Y desde ese día, esas palabras resonaron en mí.

No, no, no. Me ofendí, me ofendí tanto como aquella vez en que el profesor Arvelo me puso un 99, mientras que a otros compañeros les puso 98 y 97. Le dije que se estaba burlando de mí. Bueno, el profesor suele hacer ironías sin darse cuenta, y en ese momento pensé que era una ofensa. Después lo entendí.

Le pregunté una vez al profesor Novas por qué me llamaba maestro, si yo no tenía la estatura intelectual del profesor Arvelo, ni del profesor Morla, ni del profesor Luis Cruz, y mucho menos de la profesora Lusitania Martínez. Ni siquiera me consideraba cercano a él en ese sentido. Entonces, él me respondió algo que, con el tiempo, comprendí mejor:

«Lo que pasa es que nuestra generación tiene su esperanza en ustedes».

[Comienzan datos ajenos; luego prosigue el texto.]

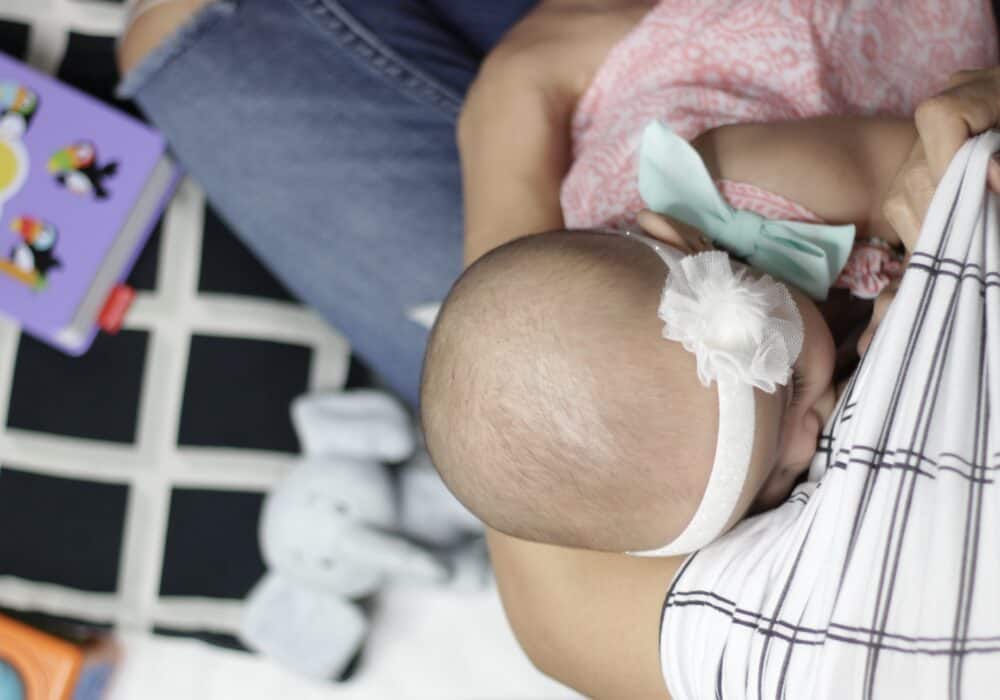 A baby is being breastfed by a Mom Boss™ 4-IN-1 Multi-Use Nursing Cover & Scarf.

Espero no haber defraudado al maestro. Muchas gracias.

José Flete, presentación del siguiente ponente:

A continuación, escucharemos al doctor Stalin Morla, quien ofrecerá un testimonio sobre su experiencia con el maestro Tomás Novas. Stalin fue uno de los que tuvo el privilegio de disfrutar de su enseñanza y de su legado filosófico.

Recuerdo un día, cuando reingresé a la universidad tras haber cursado otra carrera. Me inscribí en Historia de la Filosofía III, con el profesor Novas. Pensé que iba a ser igual que en mis años anteriores, cuando él comenzaba sus clases de Educación con largas disertaciones antes de abordar el tema central.

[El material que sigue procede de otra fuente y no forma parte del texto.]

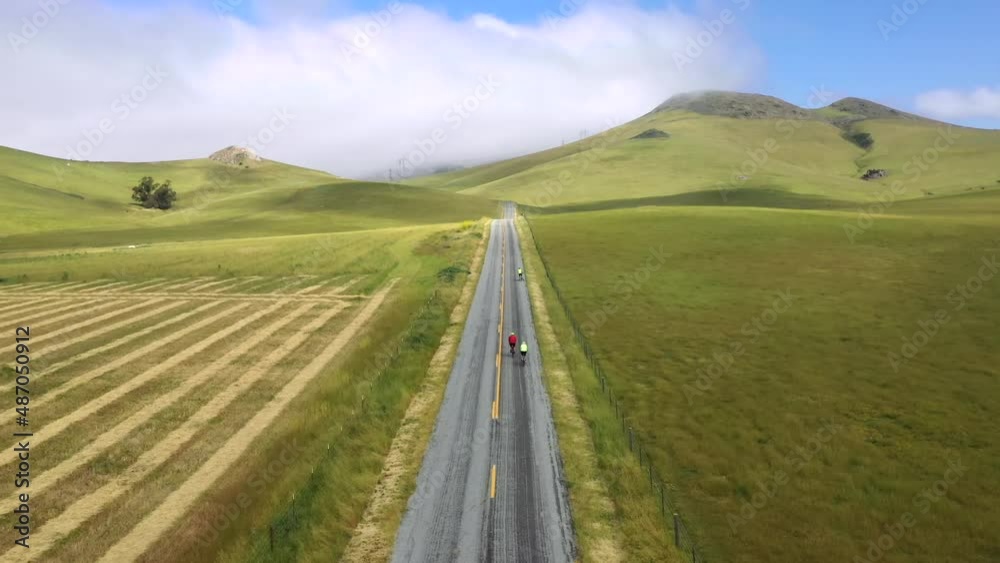 People Biking On Asphalt Road With Green Field Landscape Scenery In San Luis Obispo, California. wide aerial People Biking On Asphalt Road With Green Field Landscape Scenery In San Luis Obispo, California. wide aerial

Pero ese día, en la Escuela de Filosofía, su actitud fue diferente. Se sentó en su pupitre, cruzó la pierna—como era su costumbre—, apoyó el dedo en la sien, se quitó los lentes, cerró los ojos y simplemente dijo:

«Hablen ustedes».

Nos dejó en completo silencio. Duramos casi una hora sin que el maestro pronunciara palabra. Llegó un punto en que tuvimos que pedirle, casi con súplica: «Profesor, por favor, déjenos pasar».

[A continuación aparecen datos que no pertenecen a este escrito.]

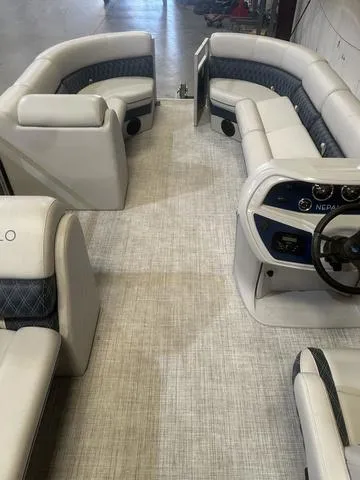 Slide: The Image of 2023 Nepallo Pontoons 20 TL interior with Suzuki 90, featuring spacious seating and modern dashboard. - 8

(25:54) Por eso creo que la ponencia del maestro Stalin será más enriquecedora que la mía.

Ponencia del doctor Stalin Morla:

Muy buenos días (o buenas tardes, no sé bien qué hora es). Para mí es un privilegio estar aquí, en este precongreso de Filosofía, y especialmente en esta mesa testimonial. No estoy aquí para hablar en abstracciones o conceptualizaciones, sino para compartir mi experiencia personal con el maestro Novas.

Los investigadores en el ámbito cualitativo comprenden bien la importancia del testimonio para la creación de conocimiento. Y en ese sentido, compartir cómo fue mi relación con el maestro Novas es, para mí, un acto significativo.

Conocí al maestro desde que tengo uso de razón. Era amigo de mi familia y visitaba nuestra casa con frecuencia. Recuerdo que su esposa y sus hijas también estuvieron en casa en varias ocasiones. Desde pequeño, me llamaba la atención su voz: calmada, pausada, con una cadencia particular. Era muy diferente a los demás.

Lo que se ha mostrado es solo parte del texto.